Nietzsche und der Antichrist

Nietzsche in Naumburg
Friedrich Nietzsche (1844-1900), einer der bedeutendsten Philosophen, war der Sohn eines evangelisch-lutherischen Pfarrers. Dieser starb mit 35, als der Junge fünf Jahre alt war. Die Familie musste das Pfarrhaus verlassen und zog von Röcken ins 25 Kilometer entfernte Naumburg um (beide Sachsen-Anhalt). Als Schüler im dortigen Domgymnasium und dann vor allem im Internat von Schulpforta entwickelte er sich famos, besonders in den altsprachlichen Fächern. Nach der Bonner und Leipziger Studienzeit wurde der 24-Jährige 1869 Professor in Basel. Noch in Leipzig hatte er den Komponisten Richard Wagner (1813-1883) kennengelernt, mit dem ihn die Verehrung für Arthur Schopenhauer (1788-1860) verband. Dieser Philosoph hielt den triebhaften Willen für wirkmächtiger als den vernünftigen Geist. In Nietzsches früher Schrift "Die Geburt der Tragödie aus dem Geist der Musik" (1872) kehren die beiden Mächte als Apollo (Gott des Scheins) und Dionysos (Gott des Rausches) wieder. Sechzehn Jahre später gehören "Der Antichrist" und "Ecce homo" zu seinem Spätwerk, das er mit der Paarung "Dionysos gegen den Gekreuzigten" gewissermaßen abschließt. In den darauffolgenden Wochen identifiziert er sich in privaten Botschaften abwechselnd mit diesen beiden Leitgestalten, ehe er Anfang 1889 in geistige Umnachtung fällt.

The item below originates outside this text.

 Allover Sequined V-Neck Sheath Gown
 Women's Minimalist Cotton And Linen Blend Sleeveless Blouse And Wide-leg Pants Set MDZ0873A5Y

Die Rede vom Antichrist (nach Luthers Übersetzung: Endchrist), geht auf den seine Jünger mit folgenden Worten warnenden Jesus zurück: "Es werden sich erheben falsche Christusse und falsche Propheten, die Zeichen und Wunder tun, so dass sie die Auserwählten verführen würden, wenn es möglich wäre." Die Nachgeschichte dieser Worte ist die sich hinziehende Endzeit. Sie bringt es mit sich, dass im Grunde jeden Christen und Nichtchristen der Verdacht, der Antichrist zu sein, treffen kann: bereits der "falsche Messias" Jesus für die auf einen anderen wartenden Juden, der römische Kaiser für die verfolgten frühen Christen, sämtliche von der Kirche als Ketzer Verurteilte, in reformatorischen Zeiten umgekehrt das Papsttum und so fort. Ist es nicht auch antichristlich, wenn sich außer Jesus noch überhaupt irgend jemand "Christ", also "Christus" nennt? Nietzsche hat auf seinem denkerischen Niveau diesen christlich-antichristlichen Doppelsinn des letzten Menschseins zu spüren bekommen. Dass es sich so mit uns verhält, ist kein Wunder.